QuikTrip CFO provides advice to success in business, life and careers


by Jim North
Southeast Campus Editor

The humble beginnings of QuikTrip Corporation (QT) go back to 1958: a single store in Tulsa was opened on a modest start-up investment of $15,000.

So says Stuart Sullivan, a Tulsa native and current chief financial officer (CFO) of one of America’s most successful companies.

Sullivan spoke in the Film Lecture Room of the Tulsa Community College (TCC) Metro Campus (MC) on Feb. 3.

He was the third in a four guest speaker series sponsored by the Business and Information division, along with Phi Beta Lambda.

His address was aimed at the impartation of ideas to help students focus on career goals, sharpening the attitudes of success.

Chester Cadieux, a college buddy Burt Holmes and another investor pitched in $5,000 each to launch the phenomenal growth of the entrepreneurial success story.

Today, QT is a $3 billion privately held company based on annual revenues of $12.5 billion.

There are 20,000 plus employees and 723 stores in 11 states. Georgia is their largest market with 138 stores in Atlanta alone. The Dallas/Fort Worth market is soon to eclipse that number.

The first stores were grocery and convenience only, however by 1972 they edged into the gasoline market.

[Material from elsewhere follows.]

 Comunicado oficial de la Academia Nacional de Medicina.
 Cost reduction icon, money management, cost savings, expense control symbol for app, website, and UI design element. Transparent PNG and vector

In 1984, decisions were made to position themselves as a major player in the niche. QT currently sells three to four billion gallons of gasoline per year.

QT is ranked number 27 on the Forbes list of largest privately held companies and number 54 on the Forbes list of best companies for which to work.

“We’re really proud of that, because we do invest heavily in our employees,” says Sullivan.

His role as CFO involves the oversight and
responsibility of the financial health of the corporation.

Sullivan was raised in Tulsa and attended the University of Tulsa (TU), obtaining degrees in accounting and law.

He has been associated with QT for 18 years, beginning in 1997. His initial duties were providing general counsel to the company as an attorney. The merging of his experience in accounting and law helped prepare him for the position he occupies today.

“That’s the key thing … think about the type of experiences you can garner … and how you can grow that to an ultimate goal,” he says.

His open door to establish a legal department at QT eventually lent itself to contributing his business and accounting aptitudes also.

“When I was going through college, like where you guys are now, I didn’t have a clear picture of where I wanted to end up. I didn’t have a goal of being a CFO.”

He stresses the idea that the building of experiences, one upon another, can lead to greater opportunities in the future. It is the combination of past experiences that have helped mold and shape him as a leader.

As CFO, he oversees corporate accounting functions, treasury functions and cash handled in the stores, namely payment methods involved in transactions.

He also is responsible for capital structure, from both financing and equity standpoints (ownership interest in the company).

Sullivan urged attendees to find their own direction for their careers but through time-proven strategies.

“The first one is relationships … because the relationships you establish, even at this early point, will dictate the path to your success. Business is based on relationships.”

He also stressed the importance of finding role models of individuals already involved in particular spheres of business. Then, he says, “Emulate those things in yourself.”

Sullivan also encouraged attendees to align themselves with people who can help them become more successful.

Finally, he validated and reinforced the concept that “perception is reality.”

“You’re creating a perception for others all the time. Everything you do is creating a perception of you.”

He says people can change their actions and behavior to match the way they want to be perceived.

Another success factor is effective communication—ensuring the message conveyed is the same one being received by the hearer. Sullivan says listening has become a lost art, and people do well who want to
excel at the skill.

He defines active listening as the art of asking questions or restating words, so the original message can be heard accurately.

“The message given is the message that we receive. That’s what we want to achieve.”

Expanding on the topic of communication, Sullivan says modern electronic communication, such as social media, is the lowest form.

Most communication is non-verbal, comprised by 50-60 percent facial gestures and body language. He cautions it is not good to totally rely on electronics to meaningfully communicate with others. Be involved, he stresses.

Sullivan cited QT’s clear purpose statement: “’Provide an opportunity for our employees to grow and succeed.’ We say that’s why we do what we do, that’s why we’re in business.”

He concludes by saying the goal for QT is to be viewed by customers, employees and the competition as the best gasoline, quick-service food and convenience marketer.

Core values guide day-to-day decisions for the company, according to Sullivan.

“The first one we have is to be the best. The second one is to never be satisfied. The next one is to focus long-term … the last one is just to do the right thing.”

He points to core values as being woven in daily operations, creating the positive culture across the company.